Once the pictures are removed, restate the data below word for word.

◆ Collected material:
------------------------------------------------------------

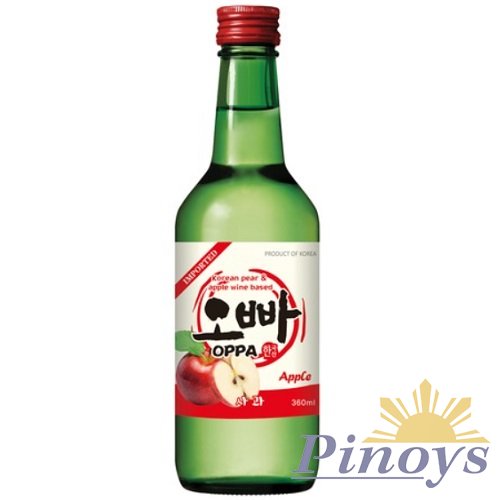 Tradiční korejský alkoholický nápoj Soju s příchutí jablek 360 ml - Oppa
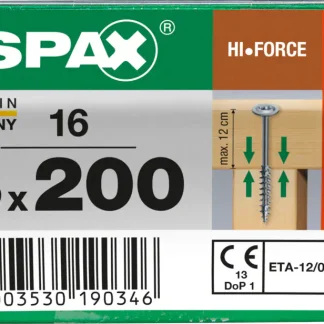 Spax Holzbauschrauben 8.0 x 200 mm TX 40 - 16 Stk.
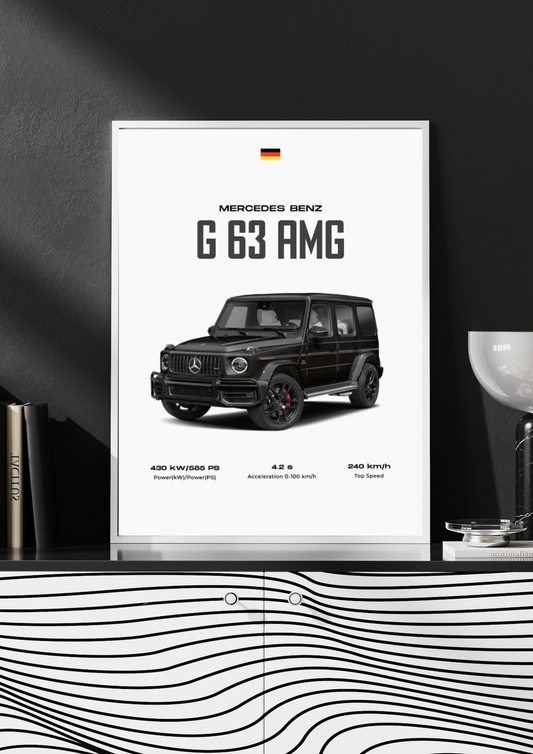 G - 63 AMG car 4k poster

------------------------------------------------------------

◆ Reply to the task:
 Tradiční korejský alkoholický nápoj Soju s příchutí jablek 360 ml - Oppa
 Spax Holzbauschrauben 8.0 x 200 mm TX 40 - 16 Stk.
 G - 63 AMG car 4k poster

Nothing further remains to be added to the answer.